Introduction
Lately I was trying to put together some 2D histograms in R and found that there are many ways to do it, with directions on how to do so scattered across the internet in blogs, forums and of course, Stackoverflow.
As such I thought I’d give each a go and also put all of them together here for easy reference while also highlighting their difference.
For those not “in the know” a 2D histogram is an extensions of the regular old histogram, showing the distribution of values in a data set across the range of two quantitative variables. It can be considered a special case of the heat map, where the intensity values are just the count of observations in the data set within a particular area of the 2D space (bucket or bin).
So, quickly, here are 5 ways to make 2D histograms in R, plus one additional figure which is pretty neat.
First and foremost I get the palette looking all pretty using RColorBrewer, and then chuck some normally distributed data into a data frame (because I’m lazy). Also one scatterplot to justify the use of histograms.
# Color housekeeping
library(RColorBrewer)
rf <- colorRampPalette(rev(brewer.pal(11,'Spectral')))
r <- rf(32)
# Create normally distributed data for plotting
x <- rnorm(mean=1.5, 5000)
y <- rnorm(mean=1.6, 5000)
df <- data.frame(x,y)
# Plot
plot(df, pch=16, col='black', cex=0.5)
Option 1: hexbin
##### OPTION 1: hexbin from package 'hexbin' #######
library(hexbin)
# Create hexbin object and plot
h <- hexbin(df)
plot(h)
plot(h, colramp=rf)
Using the hexbinplot function provides greater flexibility, allowing specification of endpoints for the bin counting, and also allowing the provision of a transformation function. Here I did log scaling. Also it appears to handle the legend placement better; no adjustment was required for these figures.

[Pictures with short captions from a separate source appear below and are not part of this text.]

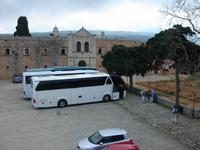 Unser Bus vor Kloster Arkadi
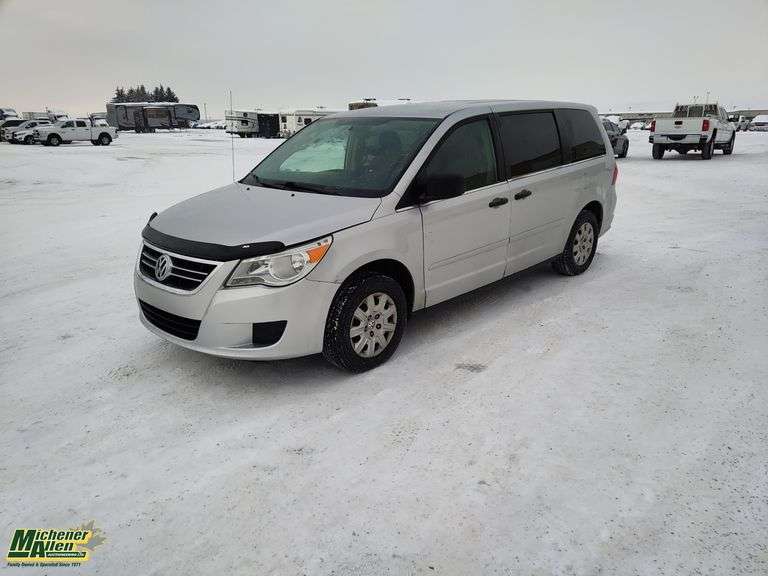 2010  Volkswagen  Routan   4dr Mini-Van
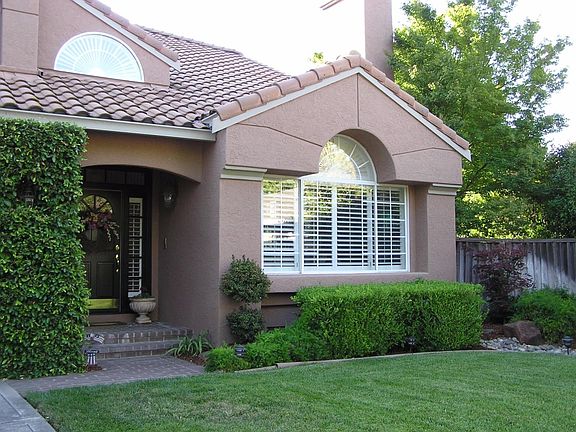 2nd image of 626 Serpentine Ct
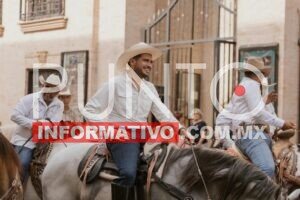 Beto Granados participa en cabalgata y refrenda su respaldo a las tradiciones de Matamoros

# hexbinplot function allows greater flexibility
hexbinplot(y~x, data=df, colramp=rf)
# Setting max and mins
hexbinplot(y~x, data=df, colramp=rf, mincnt=2, maxcnt=60)
# Scaling of legend - must provide both trans and inv functions
hexbinplot(y~x, data=df, colramp=rf, trans=log, inv=exp)
Option 2: hist2d
##### OPTION 2: hist2d from package 'gplots' #######
library(gplots)
# Default call
h2 <- hist2d(df)
# Coarser binsizing and add colouring
h2 <- hist2d(df, nbins=25, col=r)
# Scaling with log as before
h2 <- hist2d(df, nbins=25, col=r, FUN=function(x) log(length(x)))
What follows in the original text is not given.